光輝は無言で歩き、どんどん人気のないほうに進んでいく。


途中何度か声をかけてみたけれど、反応はなくてようやく立ち止まったのは朝のこの時間には誰も来ないだろう、人気の少ない裏庭だった。


……

なんでこんなところに?


は!?

まさか、凛に邪魔されたからって昨日の続きをするつもりか……!?


じょ、冗談じゃねぇ!

昨日のことでおれの中に備わった警戒心が呼び起こされ、この場から立ち去った方が懸命だ、と訴えている気がする。

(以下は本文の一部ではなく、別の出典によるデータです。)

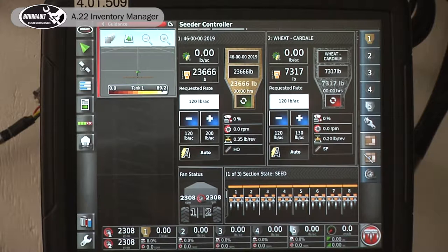Today we're going to go into our inventory manager and show you how we can manipulate some of the files from the X35 and transfer data back and forth between monitors.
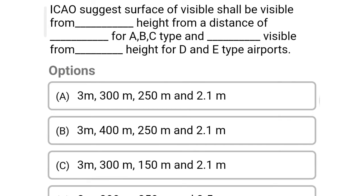So next question: ICAO suggests surface shall be visible from a certain height from a certain distance for A, B, C type airports, and visible from a certain height for D and E type airports. Option A: 3 meter, 300 meter, 250 meter and 2.1 meter. Option B: 3 meter, 400 meter, 250 meter and 2.1 meter. Option C: 3 meter, 300 meter, 250 meter and 2.1 meter. Option D: 3 meter, 300 meter, 250 meter and 2.5 meter. So the correct answer is Option A — ICAO suggests surface shall be visible from 3 meter height from the distance of 300 meter for A, B, C type airports, and 250 meter visible from 2.1 meter height for D and E type airports.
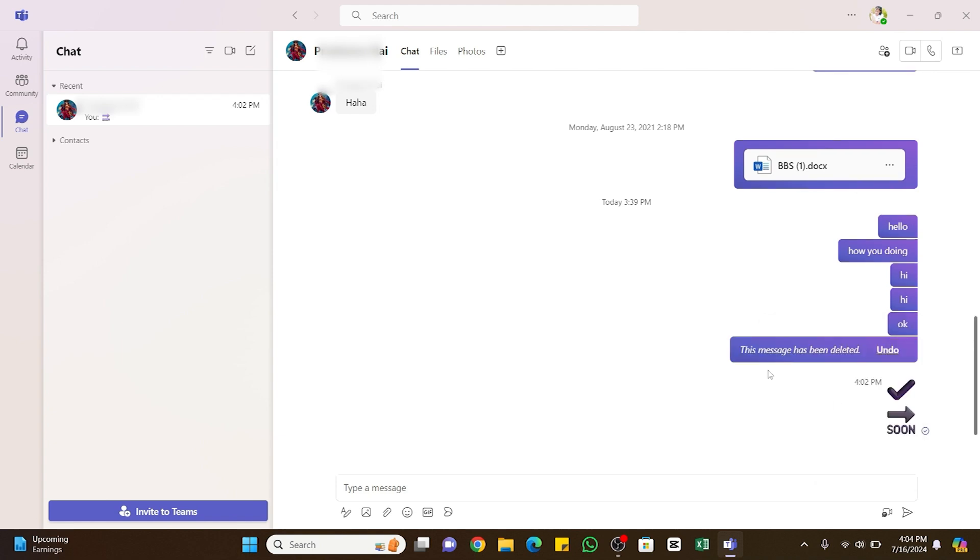Also note that in Microsoft Teams, you can only delete messages you have sent. You can't delete messages from other people. When you hover your cursor over a message sent by other people and click on the three dots at the top, you won't find the delete button.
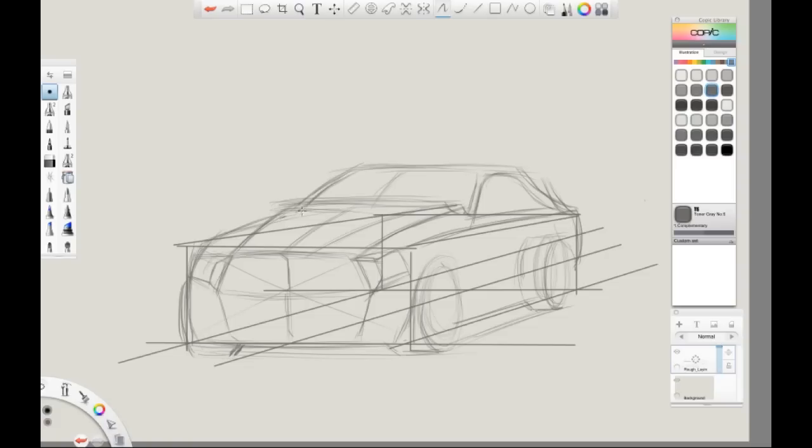If you want to select a different color, you can go over to the Copic Library, hover over the color you'd like, and simply click.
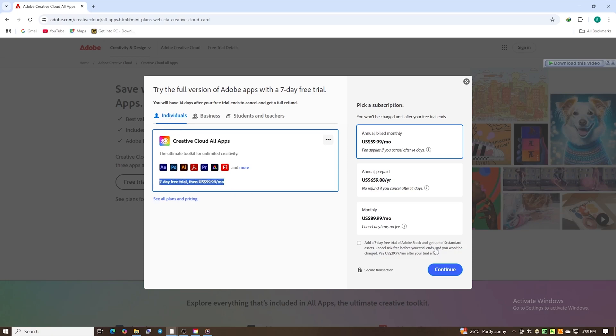Pro tip. On the same page, check the box to try Adobe Stock. You'll get another seven-day free trial plus 10 premium assets—photos, templates, videos, and more—adding excitement and value to your creative projects.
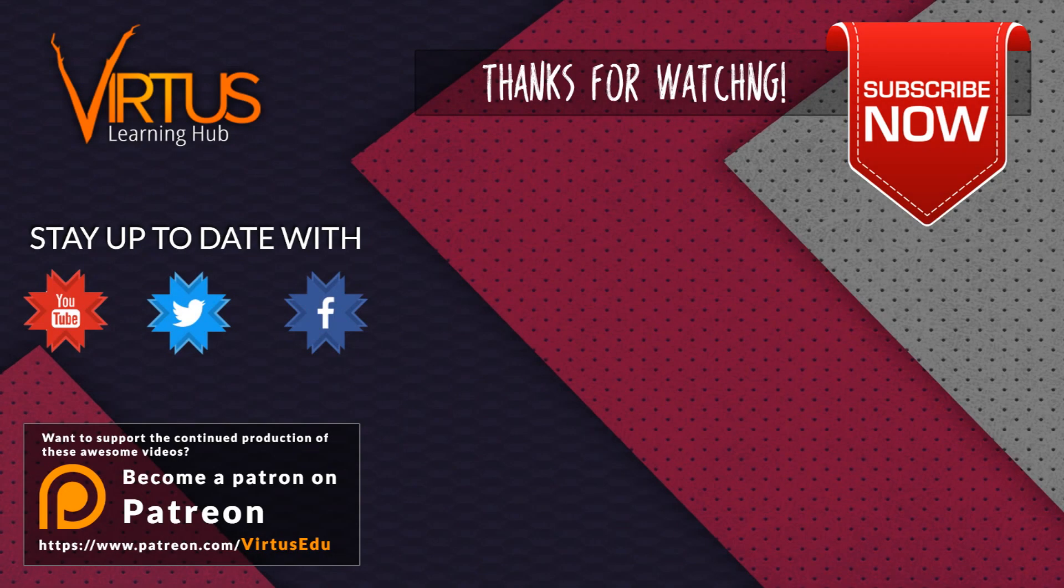This series was made possible by you guys supporting me on Patreon. If you want to help create other series like this, then check out my Patreon page in the link in the description.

そして、いつ襲ってこられてもいいようにファイティングポーズをとっていると、それまで背中を向けていた光輝が振り返った。


「流架……」

「や、やめろ……」


ゆっくりとおれに近づいてくる光輝から、おれは一歩、二歩と後ずさる。
そして……

「流架、悪かった!!」

「へ?」


突然光輝に頭を深く下げられて、面食らってしまう。

構えていた腕になんとなく虚しさを感じて、そっと下ろす。

それと同時に光輝も、頭を上げて先を話し出した。


「昨日は突然あんなことして悪かった。びっくりしたよな?
俺、ずっと見守り続けてきたお前が、他のやつと付き合ってるって聞いてすげぇ悔しくて……。